Por Valton de Miranda Leitão (*)
O filósofo e matemático inglês Bertrand Russel fez referência, certa vez, à teoria mitológico-astrológica de que a Terra era um gigantesco casco de tartaruga sobre o qual nossos ancestrais pré-históricos acreditavam viver. A mitologia grega do gigantismo considerava que Atlas carregava a terra nos ombros e Anteu, filho de Gaia, era invencível enquanto estivesse com os pés no chão. Este era o modo mais primitivo de explicar os terremotos, as guerras e, inclusive, a extrema fragilidade humana diante da natureza.

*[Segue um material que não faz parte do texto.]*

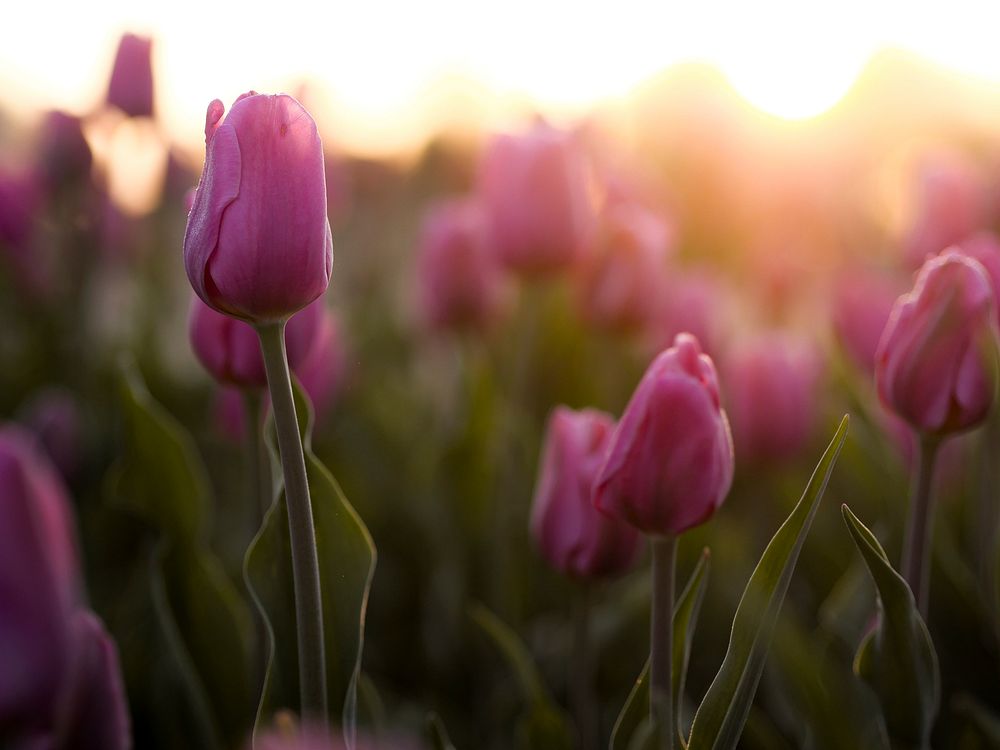 Spring background field of pink tulips with sunlight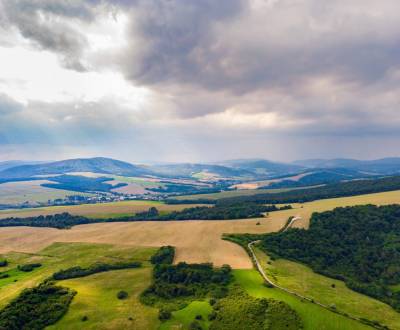 Sale Agrarian and forest land, Agrarian and forest land, Svidník, Slov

As teorias astronômicas de Ptolomeu, Galileu e Copérnico representaram o extraordinário avanço do pensamento humano para dominar os elementos naturais. A ciência ultrapassava a superstição e feria a onipotência narcísica do homem com Copérnico, Marx, Freud, Darwin e tantos outros arquitetos de ideias.
O fanatismo, entretanto, abominou cada um desses gênios que contribuíram para a construção do homem moderno. A criatura humana, sempre movida pelo medo e pelo egocentrismo individualizante, fica tentando eternamente voltar ao passado fabuloso. A busca desse retorno encontra abrigo, principalmente, em mentes paranoicas que desenvolvem fanática convicção e creem que para alcançar seus objetivos precisam destruir metodicamente os inimigos da sua fé, portadores do mal. Tais pessoas constroem sistemas teocráticos nos quais a purgação e a purificação norteiam sua luta implacável contra o inimigo do Bem!
Assim, como na paranoia do presidente Schreber, são diretamente inspirados por Deus na sua missão salvadora. O inconsciente humano contém esse componente esquizoparanoide que pode ser o nutriente daquilo que em política chama-se nazismo e fascismo. Tais dispositivos, atualmente estimulados pelo algoritmo midiático, podem levar a uma intensa divisão coletiva na persecutoriedade que Bion chamou suposto de luta-fuga.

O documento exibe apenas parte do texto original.